Heveskesklooster
Van Wikipedia
Heveskesklooster is een wierde in de gemeente Delfzijl in de Nederlandse provincie Groningen. De wierde ligt iets ten zuiden van het verdwenen dorp Heveskes.
De naam verwijst naar het klooster Oosterwierum dat hier tot in de zestiende eeuw heeft gestaan. De benaming komt eerst in de 19e eeuw in zwang. Het klooster, een johannietercommanderij wordt voor het eerst vermeld in 1319 en was waarschijnlijk niet veel eerder gesticht. De meeste vestigingen van de Johannieters in Nederland leken meer op welvoorziene landgoederen dan op werkelijke kloostergemeenschappen. Het klooster had een stadshuis in Groningen in de Schoolstraat, dit pand werd later het Ommelanderhuis.

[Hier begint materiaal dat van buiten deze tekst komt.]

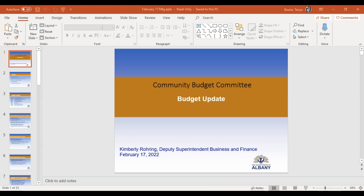Good evening, everyone. Welcome to our community budget meeting this evening. My name is Kimberly Roaring. I'm deputy superintendent for business and finance, and I will be chairing the meeting this evening.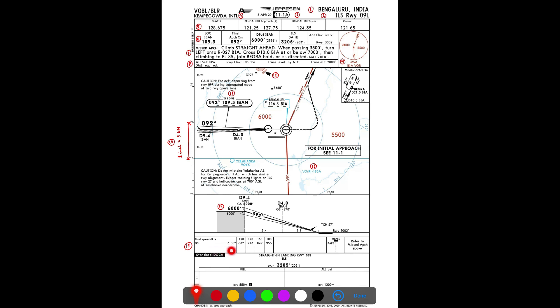The next item is the ground speed table, which gives the rate of descent required to maintain accuracy on the 3-degree glide path for various ground speeds. For example, at 140 knots ground speed the required rate of descent is 743 feet per minute. A quick mental formula is ground speed multiplied by 5: 140 × 5 = 700, which is close to 743 feet per minute.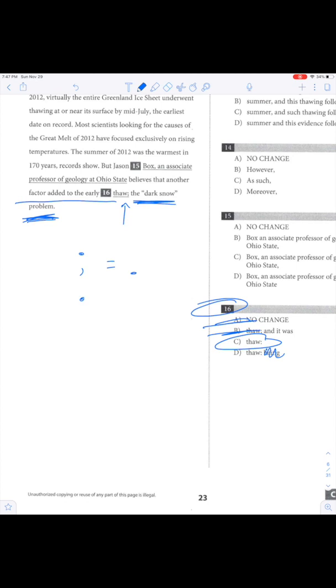And a colon can be a list or an example or an explanation. And that's what we have here. We have a factor added to an early thaw, and then it tells you what the factor is. Done.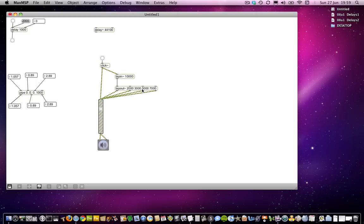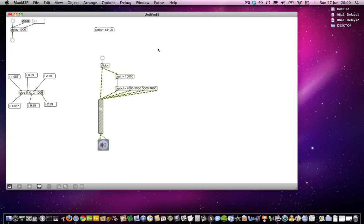Now we can make that a bit more useful to us. We might want to add a kind of control to change the length of these delays, but we might also, just as we did with the pipe object in conjunction with the make note and note out objects, we might also want to have a kind of attenuation or control different amplitudes of each of those delays.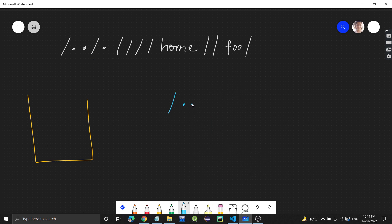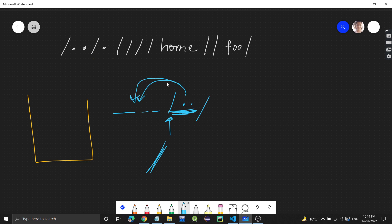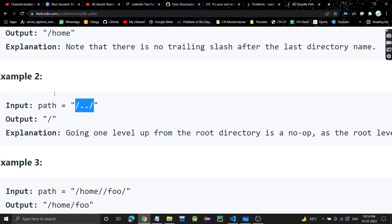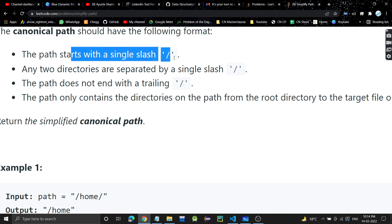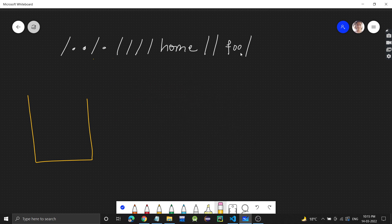Let's take an example like slash dot-dot. This dot-dot means go to the previous directory, but here there is no previous directory — we are already at the root. So we are not going anywhere. Since there is nothing to go back to, the output is just a slash, because the path must always start with a slash.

De wierde werd in de jaren 1982-1988 archeologisch onderzocht als noodonderzoek in het kader van de Monumentenwet. De opgravingen werden verricht door het Biologisch-Archeologisch Instituut (BAI) en werden afgerond in 1986. Daarbij werden niet alleen resten van het klooster gevonden, maar ook het meest noordelijke hunebed in Nederland en een steenkist. Het hunebed (met het nummer G5 of G2, afhankelijk van de nummering volgens het systeem van Van Giffen) werd geheel onverwacht in 1982 gevonden, twee meter onder de klei. In 1984 werd nog een steenkist uit het Neolithicum gevonden. Het hunebed was van het type 'vergrote dolmen'. De 6 zij-, 1 sluit-, en 3 dekstenen werden naar het AquariOm in Delfzijl overgebracht. De steenkist is in het Hunebedcentrum in Borger te bezichtigen. Waarom het bijzonder gesitueerde en uitzonderlijk unieke hunebed niet mocht blijven liggen op de vindplaats heeft te maken met de oprukkende industrie van Delfzijl. Het vormt hiermee één van de grote uitzonderingen van gesloopte archeologische monumenten in de moderne tijd. Het stenen grafmonument was omstreeks 3400 v.Chr. gebouwd op het dekzand, en omstreeks 2200 v.Chr. gedeeltelijk gesloopt. In de loop der tijd werd het hunebed door lagen veen en klei aan het oog onttrokken.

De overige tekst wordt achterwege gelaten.